Today is the anniversary of the 1863 wedding of Edward VII, Queen Victoria's eldest son. Frances Rolleston was apparently lacking in enthusiasm for the celebrations that accompanied it.
For one thing, she was working hard (at age 82) for those suffering in the cotton famine (more about that in an earlier blog) and the celebrations were a distraction:
The outrageous folly of the world about the royal marriage has, I fear, given a great check to what was doing for the cotton sufferers.
She refused to donate toward the celebrations—especially the "fire-works," giving what she could instead to the suffering poor who had no share in the dinner, tea and other doings.

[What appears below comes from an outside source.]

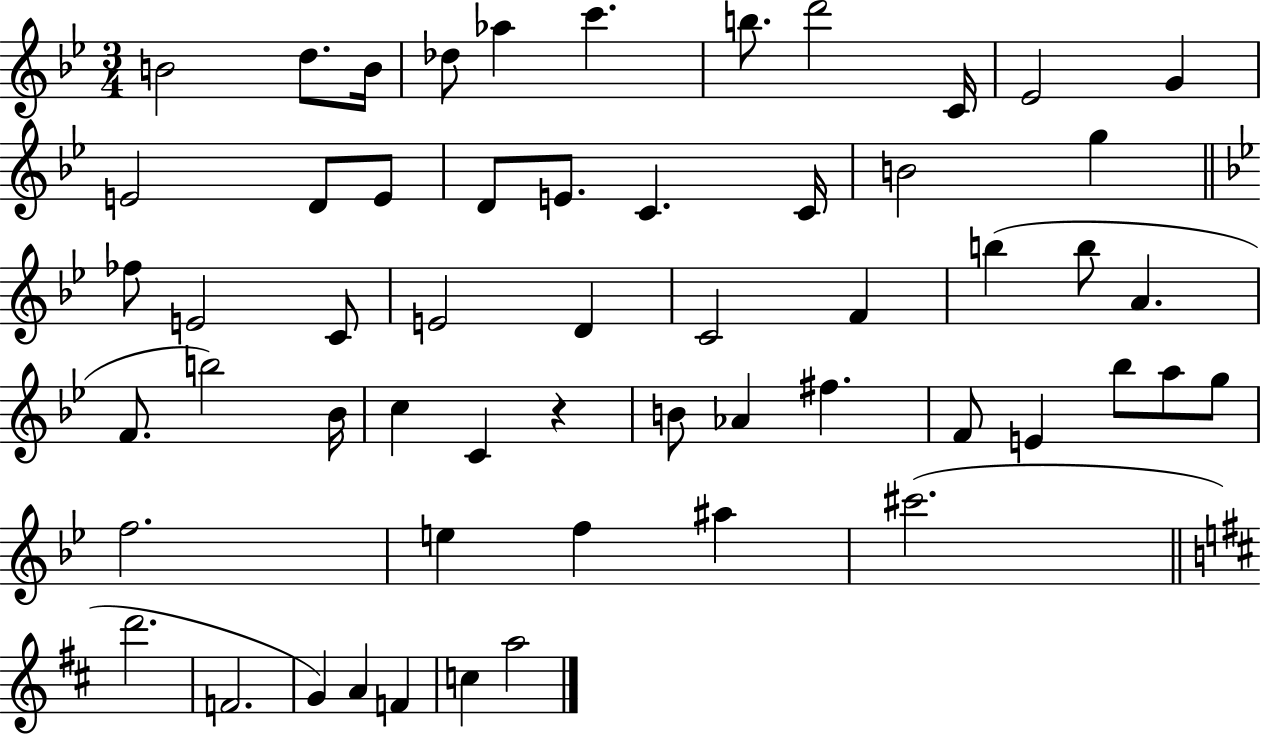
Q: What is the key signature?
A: BES major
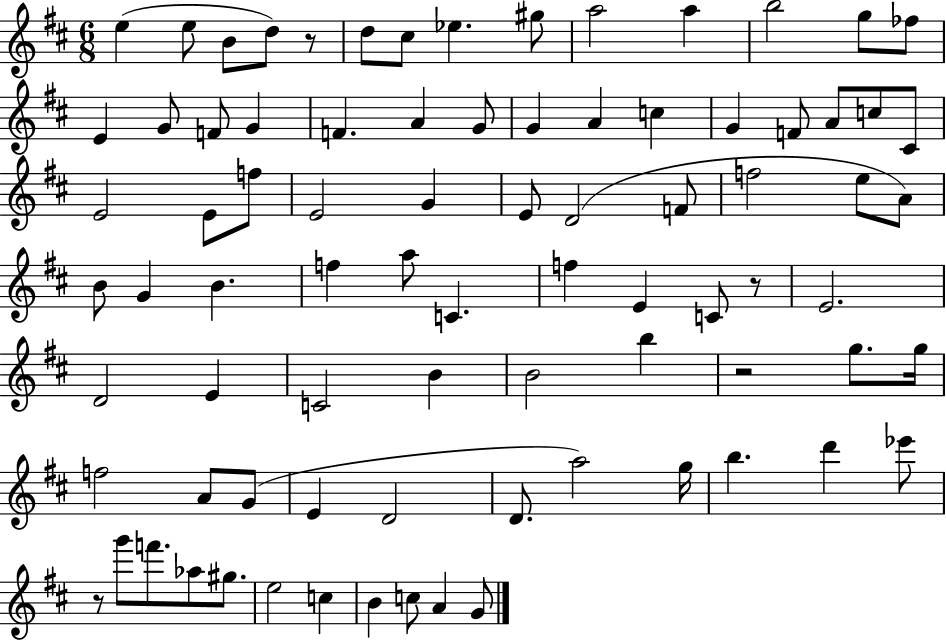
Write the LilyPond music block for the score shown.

I am just now very much interested in opposing the use of fire-works to celebrate the princely marriage. What, when so many are starving, I say to the Keswickers, will you let the committee lay out, as they talk of, £20 in fire-works? What good do they do? Harm they often do.

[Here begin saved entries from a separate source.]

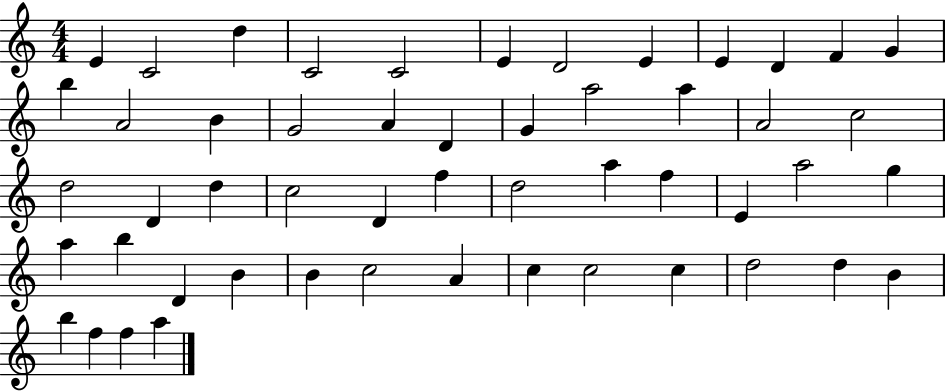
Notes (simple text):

E4/q C4/h D5/q C4/h C4/h E4/q D4/h E4/q E4/q D4/q F4/q G4/q B5/q A4/h B4/q G4/h A4/q D4/q G4/q A5/h A5/q A4/h C5/h D5/h D4/q D5/q C5/h D4/q F5/q D5/h A5/q F5/q E4/q A5/h G5/q A5/q B5/q D4/q B4/q B4/q C5/h A4/q C5/q C5/h C5/q D5/h D5/q B4/q B5/q F5/q F5/q A5/q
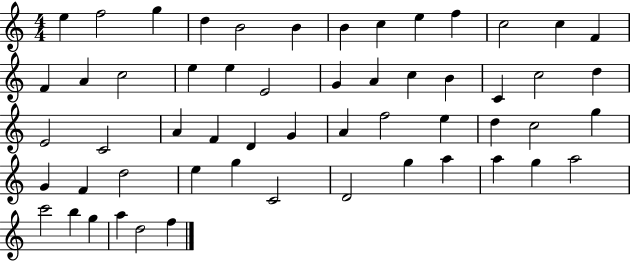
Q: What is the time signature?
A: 4/4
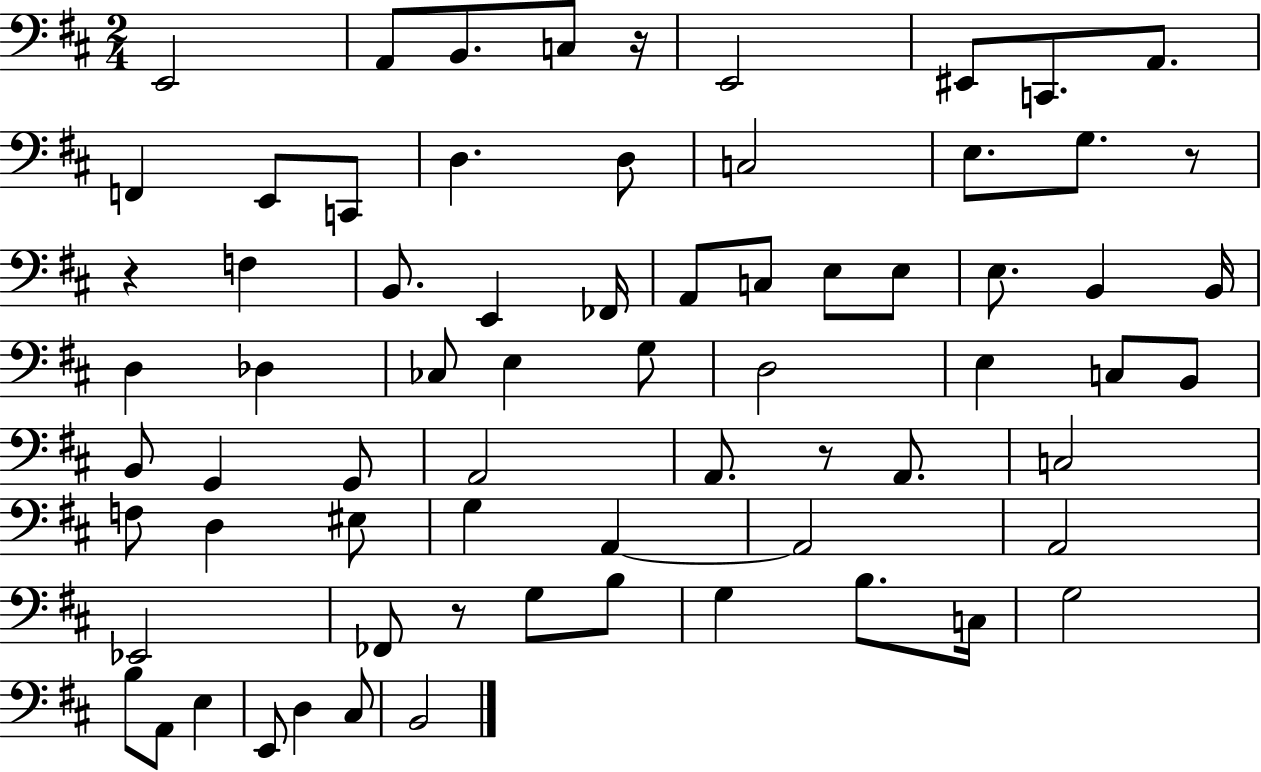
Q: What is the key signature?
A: D major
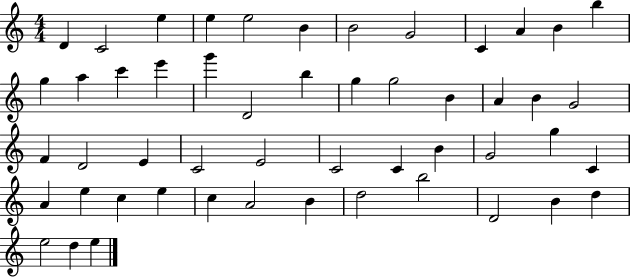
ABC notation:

She goes on to tell the story of a boy, friend of her brother, who was killed by a fire-work.
When the marriage was actually celebrated with fireworks, Frances was much more interested in the fact that the constellation Orion "shone through and beyond the wedding fireworks."
July 24, 1849
Frances Rolleston had been living in Keswick of the Lakes District for a year. Already she knew the names of all the mountains. Even some long time residents asked her for information. She wrote in this letter that she amused herself by talking to tourists, telling them not only the names of the mountains, but the stories associated with them as well.
One such story was that of the mountaineer Mary Green. Mary at age seventy-seven had never been in a church nor heard the name of Christ except as a curse. But at this advanced age she began to think that she had heard of having a soul. The missionary from Keswick was able to lead her to faith in Christ, and she died soon after, happy.
IN 1859 Frances published a book called Lights and Shadows on the Sunny Side of Skiddaw. It is a guide to the Lakes District, written in verse—one I would like to have. A copy is in the British Library, but want to find one I can buy. I saw one when I was in England in 2002(?), and if I had known how hard it was to find one later, I would have bought it then.